Sitting in an idyllic location near the city of Sandefjord, along Norway's southeastern coastline, is this secluded cluster of micro cabins. They constitute the holiday home of a multigenerational family, designed by Oslo-based Reiulf Ramstad Architects.
The brief from the client was for a design that could not only be used as a single vacation house for the whole family; the layout should also allow for independent living when needed. 'This kind of structure for cabins is quite usual in Norway,' says Reiulf Ramstad architect Anders Tjønneland.

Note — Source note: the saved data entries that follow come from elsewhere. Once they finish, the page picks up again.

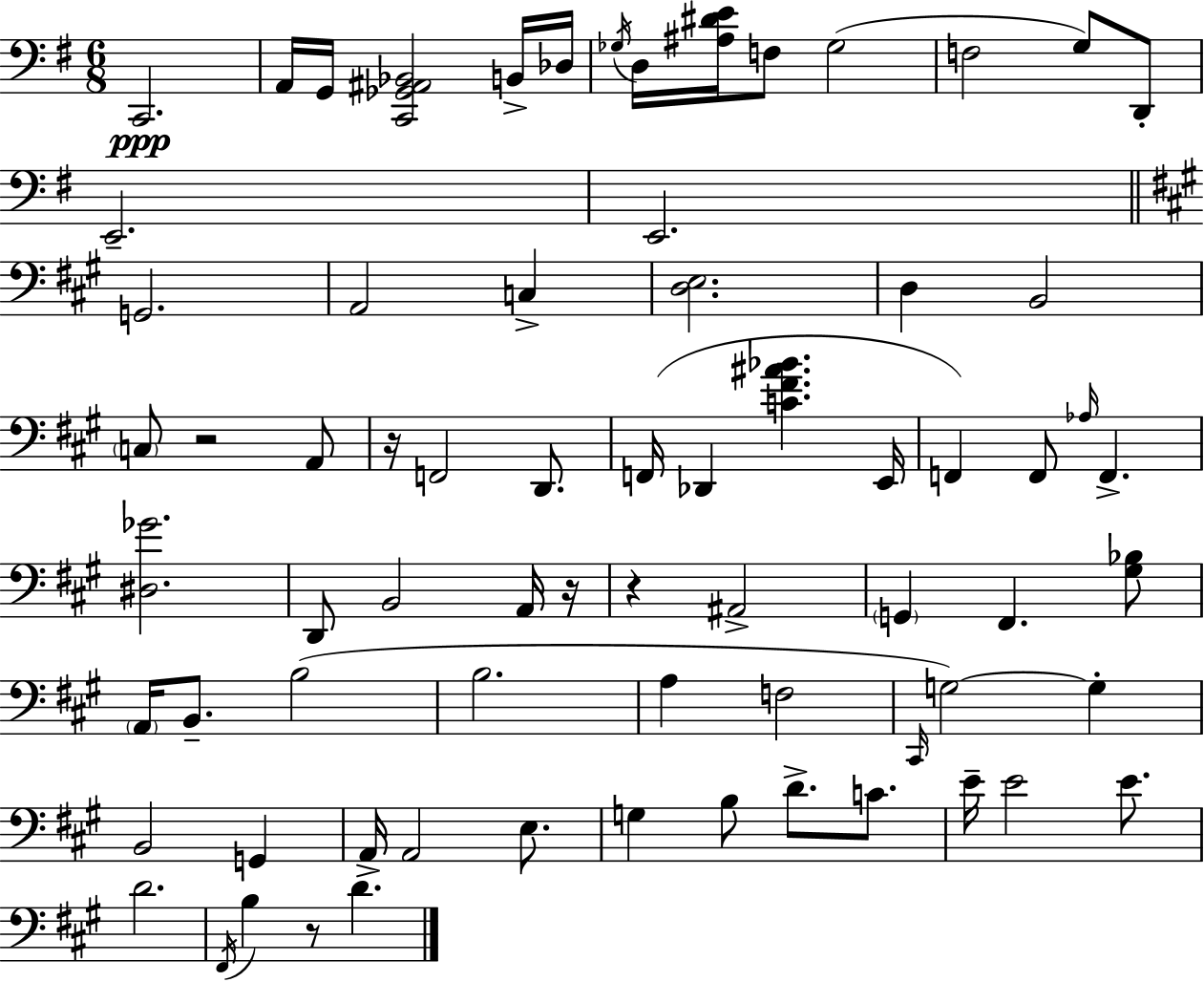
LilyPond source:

{
  \clef bass
  \numericTimeSignature
  \time 6/8
  \key g \major
  \repeat volta 2 { c,2.\ppp | a,16 g,16 <c, ges, ais, bes,>2 b,16-> des16 | \acciaccatura { ges16 } d16 <ais dis' e'>16 f8 ges2( | f2 g8) d,8-. | \break e,2.-- | e,2. | \bar "||" \break \key a \major g,2. | a,2 c4-> | <d e>2. | d4 b,2 | \break \parenthesize c8 r2 a,8 | r16 f,2 d,8. | f,16( des,4 <c' fis' ais' bes'>4. e,16 | f,4) f,8 \grace { aes16 } f,4.-> | \break <dis ges'>2. | d,8 b,2 a,16 | r16 r4 ais,2-> | \parenthesize g,4 fis,4. <gis bes>8 | \break \parenthesize a,16 b,8.-- b2( | b2. | a4 f2 | \grace { cis,16 }) g2~~ g4-. | \break b,2 g,4 | a,16-> a,2 e8. | g4 b8 d'8.-> c'8. | e'16-- e'2 e'8. | \break d'2. | \acciaccatura { fis,16 } b4 r8 d'4. | } \bar "|."
}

Their solution was to design a set of three distinct sleeping and living structures, two of which are joined internally, creating a shared space. The third one is completely separate with its own external entrance. To bind all of the structures together, an elevated timber deck extends from the larger middle structure, acting as the focal point of the central outdoor courtyard.
Drawing on natural materials - namely, Norwegian pine, a recurrent feature in Reiulf Ramstad's designs - the set of structures integrate with their surroundings, allowing for the clients to immerse themselves in nature. They also benefit from their own microclimate. Tjønneland explains, 'The built structure, together with the cliff behind, forms an external room, which is then warmed from the sun's energy that is stored in the cliff during the day.' Internally, the house features steel frames with invisible details, hidden inside the flushed finished timber-clad walls.
Benefiting from the site's southwesterly orientation, the cabins' glazed sides allow natural light to infiltrate the interior, also granting the family uninterrupted views over towards the Herfellbukta Bay. In an area known for its recreational activities (bathing, fishing and trekking are common activities) the Micro Cluster Cabins provide a peaceful, tailor-made haven for their guests.